Although there is a part of me in each of my artworks, I depend on art models. I prefer to celebrate the beauty of the individual and work with as many people as I can. Because of this, I receive a lot of inquiries from people interested in becoming a work of art and have set up an information page about modeling for artists. Generally, art models works alone. While the artists who hire them can help, it is not the same as being trained by someone who personally knows the work.

Finally, there is a book created specifically for art models by an art model, Andrew Cahner. The Art Model's Handbook: The Naked Truth about Posing for Art Classes and Fine Artists is now available for only $16.95 via this site and Amazon.com (thank you for your help by supporting my blogging time and images)

This book is a great resource. Andrew defines art terms so a novice to the art world can walk into a studio feeling confident. He describes the classroom situation, as well as what it is like to work privately for fine artists. This very experienced art model tells you what to bring to a drawing session, how to come up with interesting poses, and what artists or art instructors are usually looking for. He also discusses photography, security, nudity concerns and costumes, and gives you resources on where to find work as an art model.

I am also honored because Andrew has included many images of artist’s work and our words, including my bronze “Against the Dying of the Light,” in which I hired three different models after I did my initial clay sketch from my imagination.

My favorite section of the book contains interviews with long-term professional art models. Andrew Cahner even interviewed the female model that changed the TV world when she became the first to pose truly nude on a television show! (Your hint is that it was on a well-known science-fiction show.)

Also of interest to artists and models is that on the Art Model’s Web site, there is a page listing Figure Drawing Open Studios, Workshops, and Continuing Education Classes in the United States and Canada. Use that page to find work or to draw wherever you happen to be!
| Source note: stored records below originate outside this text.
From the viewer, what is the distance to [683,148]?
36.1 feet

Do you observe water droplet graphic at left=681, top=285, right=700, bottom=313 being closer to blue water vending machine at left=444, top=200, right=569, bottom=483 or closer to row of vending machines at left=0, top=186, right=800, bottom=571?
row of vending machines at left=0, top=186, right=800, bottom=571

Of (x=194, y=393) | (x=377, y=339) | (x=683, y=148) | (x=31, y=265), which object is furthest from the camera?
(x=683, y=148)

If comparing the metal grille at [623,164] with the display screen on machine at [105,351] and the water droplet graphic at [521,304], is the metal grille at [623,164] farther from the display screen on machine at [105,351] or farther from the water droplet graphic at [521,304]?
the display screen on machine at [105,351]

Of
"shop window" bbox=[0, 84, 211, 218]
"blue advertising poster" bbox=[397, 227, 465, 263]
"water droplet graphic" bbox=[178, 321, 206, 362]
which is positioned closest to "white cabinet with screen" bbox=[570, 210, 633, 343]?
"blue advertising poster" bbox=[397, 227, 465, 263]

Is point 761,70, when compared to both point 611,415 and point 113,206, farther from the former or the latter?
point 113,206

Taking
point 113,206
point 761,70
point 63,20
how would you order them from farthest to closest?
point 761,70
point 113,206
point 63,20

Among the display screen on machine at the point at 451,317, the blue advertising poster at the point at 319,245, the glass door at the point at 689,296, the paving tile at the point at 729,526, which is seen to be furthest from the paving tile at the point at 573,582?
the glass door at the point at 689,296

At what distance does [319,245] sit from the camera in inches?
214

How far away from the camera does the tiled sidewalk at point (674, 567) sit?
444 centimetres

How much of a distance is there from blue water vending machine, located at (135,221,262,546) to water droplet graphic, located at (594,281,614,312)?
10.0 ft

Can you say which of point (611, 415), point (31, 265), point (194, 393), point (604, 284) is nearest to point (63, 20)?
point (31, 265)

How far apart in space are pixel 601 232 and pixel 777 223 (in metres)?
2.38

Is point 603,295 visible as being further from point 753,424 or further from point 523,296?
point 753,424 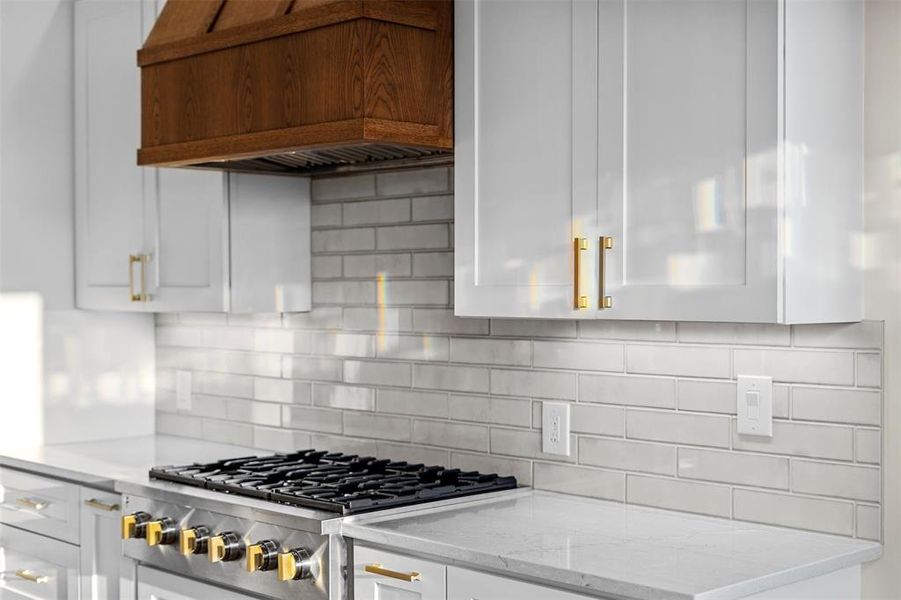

I look forward to accessing this page when I am traveling and needing to draw.

Really, this resource: it is about time!

The Art Model's Handbook: The Naked Truth about Posing for Art Classes and Fine Artists (Paperback)
by Andrew Cahner (Author)



2 comments:

Jeanne Rhea said...

This is a very interesting post and your drawing is beautiful.
I never realized all the factors to consider when modeling nude-(not that I will ever be doing it---I am shy when it comes to that!) But your links and sensitivity to the questions gave me a new appreciation for those who do this work. I can see why your models would like to work for you.

Kelly Borsheim said...

you like this one, Jeanne? Wait till you see the next entry ;-)

And thanks, yeah, models seem to think I am a charming person. Well, maybe not CHARMING . . . ha.